The Vice Chairman, Senate Committee on Education, Prof Sola Adeyeye, on Monday said that most of the requests of the members of the striking Academic Staff Union of Universities as contained in the controversial 2009 agreement with the Federal Government were unrealistic.
He said the requests, if granted, could hamper the development of university education in the country.
Adeyeye, who was a lecturer for about four decades before he joined politics, said most of the university lecturers were apparently not aware of what operated in the western world.
Adeyeye, a professor of Molecular Biology, told journalists in Abuja that in the United States of America for instance, most of the institutions were flexible in terms of salaries and allowances of university lecturers.
He spoke while reacting to a statement credited to the chairman of the University of Ibadan chapter of ASUU, Dr. Segun Ajiboye, who condemned Adeyeye’s contribution on the floor of the senate on the issue.

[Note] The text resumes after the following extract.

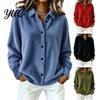 Lapel Shirt Coat Women Plush Cardigan Sweater, Long Sleeve Button Down Knit Jacket, Warm Casual Open Front Outerwear for Autumn Winter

Ajiboye had said, “Having enjoyed good salary and benefits as a lecturer abroad, the senator was indifferent to the rot in the Nigerian universities.”
But Adeyeye, said, “I was bemused by the reference by ASUU spokesman, Dr. Ajiboye, to my enjoyment of Duquesne University’s reputed Flex Benefits for its members of academic and non-academic staff while denying similar benefits to ASUU members.
“First, in most instances, as its very name suggests, the Flex Benefits Programme at Duquesne was flexible. It was also contributory. The university simply matched up to a predetermined ratio, whatever amount had been contributed by the staff.
According to him, there are five universities within a four-mile radius of Duquesne University and each of the institutions has salary, wages and benefits structure that are unique to its own institution.
This, he said, was quite different from the Nigerian situation where he noted that” ASUU wanted a retention of the rigid system whereby a Professor of Engineering at the University of Lagos enjoyed similar salary structure as a Professor of Religious Study at Ibadan and a Professor of History at Ile-Ife.”
Adeyeye also faulted Ajiboye’s assertion that he had his own (Adeyeye’s)children educated in the USA, while not caring for the children of ordinary Nigerians who were being made to bear the grunts of the rots in the nation’s tertiary education sector.
“Dr. Ajiboye erroneously, and perhaps deliberately and mischievously, sneered that as a senator, I sent my own children to be educated in the USA. All my children had either graduated or had been admitted into a university between September, 1980, when I left Nigeria and 2002, when I finally returned to the country.”